# Recommender ChatBot: Load items and interactions to API

In [1]:
%load_ext autoreload
%autoreload 2

In [2]:
import os

BASE_PATH    = '../..'
LIB_PATH     = f'{BASE_PATH}/lib'
API_PATH     = f'{BASE_PATH}/chat-bot-api'
DATASET_PATH = f'{BASE_PATH}/datasets'
ITEMS_PATH   = f'{DATASET_PATH}/chatbot-api-movies.json'


os.environ['TMP_PATH']               = f'{BASE_PATH}/tmp'
os.environ['DATASET_PATH']           = f'{BASE_PATH}/datasets'
os.environ['WEIGHTS_PATH']           = f'{BASE_PATH}/weights'
os.environ['METRICS_PATH']           = f'{BASE_PATH}/metrics'
os.environ['MONGODB_URL']            = 'mongodb://0.0.0.0:27017'
os.environ['MONGODB_DATABASE']       = 'chatbot'
os.environ['CHROMA_HOST']            = '0.0.0.0'
os.environ['CHROMA_PORT']            = '9090'
os.environ['TOKENIZERS_PARALLELISM'] = 'false'

In [208]:
import sys
sys.path.append(LIB_PATH)
sys.path.append(API_PATH)

import pandas as pd

import util as ut

import torch
import data as dt
import data.dataset as ds

import os

from rest import RecChatBotV1ApiClient

from services import ItemSimQuery

from app_context import AppContext

import pytorch_common.util as pu
from datetime import datetime

# Setup

In [4]:
pu.LoggerBuilder().on_console().build()

<RootLogger root (INFO)>

# Common Functions and Classes

In [5]:
def fetch_items_data(df, id_col='movie_id', title_col='movie_title'):
    from rest import TMDBApiClient

    data = {}
    for idx, row  in df.iterrows():
        client = TMDBApiClient()
        data[row[id_col]] = client.find_movies_by(row[title_col])
    
    return data

def resolve_overview(data, row):
    if row['movie_id'] in data:
        movies = data[row['movie_id']]
        if len(movies) > 0:
            previous_title_match = False
            for movie in movies:
                if previous_title_match == False:
                    title_match = row['movie_title'].strip().lower() == movie['title'].strip().lower() or row['movie_title'].strip().lower() == movie['original_title'].strip().lower()
                
                if (title_match or previous_title_match) and len(movie['overview']) > 0:
                    return movie['overview']

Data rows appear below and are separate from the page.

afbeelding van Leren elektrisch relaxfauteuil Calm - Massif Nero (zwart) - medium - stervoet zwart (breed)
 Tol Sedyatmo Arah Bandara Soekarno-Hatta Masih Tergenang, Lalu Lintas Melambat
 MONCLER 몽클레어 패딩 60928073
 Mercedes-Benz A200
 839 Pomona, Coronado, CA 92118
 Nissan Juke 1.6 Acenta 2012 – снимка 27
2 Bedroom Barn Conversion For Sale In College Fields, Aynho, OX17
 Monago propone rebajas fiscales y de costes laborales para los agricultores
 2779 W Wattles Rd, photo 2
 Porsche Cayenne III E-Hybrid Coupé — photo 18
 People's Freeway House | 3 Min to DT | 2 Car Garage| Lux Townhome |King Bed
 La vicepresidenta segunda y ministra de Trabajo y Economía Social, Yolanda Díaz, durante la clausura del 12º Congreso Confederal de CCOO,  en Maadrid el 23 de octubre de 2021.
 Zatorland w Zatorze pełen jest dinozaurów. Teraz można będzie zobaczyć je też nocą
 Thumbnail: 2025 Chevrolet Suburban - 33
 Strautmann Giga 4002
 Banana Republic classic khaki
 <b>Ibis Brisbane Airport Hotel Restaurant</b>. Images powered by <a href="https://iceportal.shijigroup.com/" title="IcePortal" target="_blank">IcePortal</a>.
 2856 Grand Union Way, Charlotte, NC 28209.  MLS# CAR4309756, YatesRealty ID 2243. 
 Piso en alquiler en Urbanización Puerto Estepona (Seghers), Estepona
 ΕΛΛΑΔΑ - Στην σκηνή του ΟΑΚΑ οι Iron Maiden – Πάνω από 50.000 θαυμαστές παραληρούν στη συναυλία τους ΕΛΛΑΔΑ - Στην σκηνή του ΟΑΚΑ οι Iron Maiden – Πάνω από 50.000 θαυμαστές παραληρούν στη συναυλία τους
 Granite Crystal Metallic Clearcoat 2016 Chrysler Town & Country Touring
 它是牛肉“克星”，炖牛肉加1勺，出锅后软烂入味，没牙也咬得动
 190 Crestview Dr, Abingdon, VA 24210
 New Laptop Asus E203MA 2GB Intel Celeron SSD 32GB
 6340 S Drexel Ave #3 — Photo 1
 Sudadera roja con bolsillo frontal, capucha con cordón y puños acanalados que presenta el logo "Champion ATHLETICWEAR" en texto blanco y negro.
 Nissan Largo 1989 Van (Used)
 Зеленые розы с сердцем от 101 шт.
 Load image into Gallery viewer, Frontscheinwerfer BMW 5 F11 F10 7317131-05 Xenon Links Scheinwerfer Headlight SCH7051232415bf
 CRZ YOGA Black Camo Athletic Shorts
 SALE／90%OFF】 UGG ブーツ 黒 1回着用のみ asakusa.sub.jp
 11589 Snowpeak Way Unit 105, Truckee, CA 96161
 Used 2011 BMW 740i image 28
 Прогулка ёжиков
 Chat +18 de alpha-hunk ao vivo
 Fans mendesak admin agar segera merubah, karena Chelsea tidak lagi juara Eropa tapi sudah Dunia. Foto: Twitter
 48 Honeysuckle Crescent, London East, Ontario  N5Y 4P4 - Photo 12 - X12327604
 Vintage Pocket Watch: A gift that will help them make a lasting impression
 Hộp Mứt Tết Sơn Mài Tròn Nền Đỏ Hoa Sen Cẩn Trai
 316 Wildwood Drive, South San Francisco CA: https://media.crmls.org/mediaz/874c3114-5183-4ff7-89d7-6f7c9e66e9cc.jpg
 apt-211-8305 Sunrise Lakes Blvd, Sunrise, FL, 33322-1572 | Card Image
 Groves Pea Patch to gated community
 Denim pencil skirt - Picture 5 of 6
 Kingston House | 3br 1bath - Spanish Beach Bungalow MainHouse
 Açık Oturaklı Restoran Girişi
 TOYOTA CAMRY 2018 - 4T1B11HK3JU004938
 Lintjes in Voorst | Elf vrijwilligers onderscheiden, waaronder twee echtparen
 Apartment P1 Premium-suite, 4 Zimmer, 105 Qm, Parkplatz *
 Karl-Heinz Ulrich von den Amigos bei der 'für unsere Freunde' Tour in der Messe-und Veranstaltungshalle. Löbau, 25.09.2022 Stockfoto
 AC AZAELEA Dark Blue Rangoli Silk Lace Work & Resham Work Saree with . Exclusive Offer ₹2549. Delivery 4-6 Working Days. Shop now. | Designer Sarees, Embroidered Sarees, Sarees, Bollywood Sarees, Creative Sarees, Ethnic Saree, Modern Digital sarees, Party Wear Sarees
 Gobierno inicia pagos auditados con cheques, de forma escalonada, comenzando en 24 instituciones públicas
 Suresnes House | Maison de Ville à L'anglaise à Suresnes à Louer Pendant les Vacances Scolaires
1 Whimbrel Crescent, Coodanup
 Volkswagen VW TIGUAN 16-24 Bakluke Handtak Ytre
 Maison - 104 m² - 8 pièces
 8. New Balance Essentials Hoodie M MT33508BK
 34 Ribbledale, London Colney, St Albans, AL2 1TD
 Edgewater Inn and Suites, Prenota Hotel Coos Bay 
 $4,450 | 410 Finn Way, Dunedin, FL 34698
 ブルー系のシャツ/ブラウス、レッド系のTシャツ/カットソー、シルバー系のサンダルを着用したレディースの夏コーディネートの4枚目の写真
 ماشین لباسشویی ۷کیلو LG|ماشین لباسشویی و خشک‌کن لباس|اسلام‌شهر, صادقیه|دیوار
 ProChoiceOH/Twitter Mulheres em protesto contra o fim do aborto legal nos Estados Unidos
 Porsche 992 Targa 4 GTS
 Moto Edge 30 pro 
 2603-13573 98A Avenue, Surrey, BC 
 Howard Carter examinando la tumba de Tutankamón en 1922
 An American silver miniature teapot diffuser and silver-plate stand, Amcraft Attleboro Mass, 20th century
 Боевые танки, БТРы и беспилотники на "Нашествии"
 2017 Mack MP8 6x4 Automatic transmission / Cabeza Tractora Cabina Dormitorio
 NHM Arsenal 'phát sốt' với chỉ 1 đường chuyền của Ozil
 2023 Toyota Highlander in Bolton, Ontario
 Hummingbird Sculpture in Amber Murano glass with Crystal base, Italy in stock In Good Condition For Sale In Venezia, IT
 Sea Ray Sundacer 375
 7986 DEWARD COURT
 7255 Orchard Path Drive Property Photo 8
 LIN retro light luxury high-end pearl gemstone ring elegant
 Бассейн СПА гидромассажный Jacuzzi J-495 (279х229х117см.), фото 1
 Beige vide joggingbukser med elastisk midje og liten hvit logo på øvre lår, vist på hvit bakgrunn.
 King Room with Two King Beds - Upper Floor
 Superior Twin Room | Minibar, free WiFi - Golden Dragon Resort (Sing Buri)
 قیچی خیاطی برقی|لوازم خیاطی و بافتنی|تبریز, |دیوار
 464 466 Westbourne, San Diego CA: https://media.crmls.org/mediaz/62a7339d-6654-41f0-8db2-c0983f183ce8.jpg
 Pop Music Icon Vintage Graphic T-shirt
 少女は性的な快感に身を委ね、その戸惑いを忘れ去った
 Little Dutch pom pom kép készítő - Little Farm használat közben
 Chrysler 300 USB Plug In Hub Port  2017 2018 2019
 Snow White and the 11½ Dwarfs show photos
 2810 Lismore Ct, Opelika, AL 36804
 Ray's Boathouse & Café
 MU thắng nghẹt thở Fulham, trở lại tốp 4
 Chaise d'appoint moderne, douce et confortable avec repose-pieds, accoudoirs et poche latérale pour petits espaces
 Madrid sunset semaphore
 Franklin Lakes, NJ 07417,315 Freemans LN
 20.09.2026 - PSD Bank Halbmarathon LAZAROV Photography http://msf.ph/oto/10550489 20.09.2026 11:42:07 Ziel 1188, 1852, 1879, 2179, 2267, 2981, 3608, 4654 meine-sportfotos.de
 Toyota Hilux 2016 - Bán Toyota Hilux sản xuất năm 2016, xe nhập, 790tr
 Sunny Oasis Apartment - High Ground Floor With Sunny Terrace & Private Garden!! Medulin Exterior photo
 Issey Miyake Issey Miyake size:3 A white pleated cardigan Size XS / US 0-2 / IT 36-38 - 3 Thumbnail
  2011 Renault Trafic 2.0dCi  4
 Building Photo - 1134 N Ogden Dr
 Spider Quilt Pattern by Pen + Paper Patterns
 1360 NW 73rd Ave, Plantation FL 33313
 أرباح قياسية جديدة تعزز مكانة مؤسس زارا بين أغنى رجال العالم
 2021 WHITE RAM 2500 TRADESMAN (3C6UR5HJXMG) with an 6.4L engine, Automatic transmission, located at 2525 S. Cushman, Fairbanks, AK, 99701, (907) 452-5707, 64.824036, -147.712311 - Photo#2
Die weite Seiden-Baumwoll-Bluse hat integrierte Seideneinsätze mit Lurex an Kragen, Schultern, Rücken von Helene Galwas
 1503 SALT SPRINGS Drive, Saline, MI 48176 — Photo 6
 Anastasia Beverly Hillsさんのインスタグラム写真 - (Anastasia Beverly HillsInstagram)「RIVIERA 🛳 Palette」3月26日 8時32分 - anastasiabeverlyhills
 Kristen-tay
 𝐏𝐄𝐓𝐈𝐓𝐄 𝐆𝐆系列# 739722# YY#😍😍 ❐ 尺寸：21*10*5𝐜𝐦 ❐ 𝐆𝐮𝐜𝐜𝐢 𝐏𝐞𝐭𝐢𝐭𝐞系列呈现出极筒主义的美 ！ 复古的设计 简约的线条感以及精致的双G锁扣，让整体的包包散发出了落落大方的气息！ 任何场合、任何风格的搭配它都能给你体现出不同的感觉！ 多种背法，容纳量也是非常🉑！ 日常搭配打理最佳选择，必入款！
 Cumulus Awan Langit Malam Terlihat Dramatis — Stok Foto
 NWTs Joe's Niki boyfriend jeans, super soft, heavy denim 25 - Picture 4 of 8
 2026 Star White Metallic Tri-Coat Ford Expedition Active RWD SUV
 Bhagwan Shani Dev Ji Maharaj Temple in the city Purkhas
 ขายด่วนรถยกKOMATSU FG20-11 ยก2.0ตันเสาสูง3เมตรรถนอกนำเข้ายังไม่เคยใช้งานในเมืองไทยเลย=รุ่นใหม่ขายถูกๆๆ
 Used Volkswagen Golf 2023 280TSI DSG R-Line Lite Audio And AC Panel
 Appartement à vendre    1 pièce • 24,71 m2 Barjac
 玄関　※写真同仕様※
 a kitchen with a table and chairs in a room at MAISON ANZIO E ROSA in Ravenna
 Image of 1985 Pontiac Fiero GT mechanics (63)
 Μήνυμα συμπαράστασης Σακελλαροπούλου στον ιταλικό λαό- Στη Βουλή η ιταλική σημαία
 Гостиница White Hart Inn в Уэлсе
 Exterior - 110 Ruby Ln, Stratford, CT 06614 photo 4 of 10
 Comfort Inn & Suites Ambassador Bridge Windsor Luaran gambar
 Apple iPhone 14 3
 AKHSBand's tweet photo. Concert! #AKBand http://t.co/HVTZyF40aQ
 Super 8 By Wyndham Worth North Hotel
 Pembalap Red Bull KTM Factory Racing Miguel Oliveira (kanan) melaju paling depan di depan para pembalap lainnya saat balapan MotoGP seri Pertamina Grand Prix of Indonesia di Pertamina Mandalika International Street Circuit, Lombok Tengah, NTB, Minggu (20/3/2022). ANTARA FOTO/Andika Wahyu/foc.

                previous_title_match = title_match
                
    return row['movie_overview']

In [6]:
def items_to_df(models):
    return pd.DataFrame([
        {
            'id'          : model.id,
            'title'       : model.title,
            'release'     : model.release,
            'genres'      : model.genres,
            'rating'      : model.rating,
            'poster'      : model.poster
        }
        for model in models
    ])


def ints_to_df(models):
    return pd.DataFrame([
        {
            'item_id' : model.user_id,
            'user_id' : model.item_id,
            'rating'  : model.rating
        }
        for model in models
    ])

In [129]:
async def append_popularity_score(items, interactions):
    from sklearn.preprocessing import MinMaxScaler

    item_votes = interactions \
        .groupby(['item_id'])['user_id'] \
        .size() \
        .reset_index(name='votes') \
        .rename(columns={'item_id': 'id'})

    
    item_votes['id'] = item_votes['id'].astype(str)

    items = item_votes.merge(items, on='id')
    
    items['votes_norm']       = items['votes'] / items['votes'].max()
    items['popularity_score'] = items['rating'] * items['votes_norm']
    items = items.drop(['votes_norm'], axis=1)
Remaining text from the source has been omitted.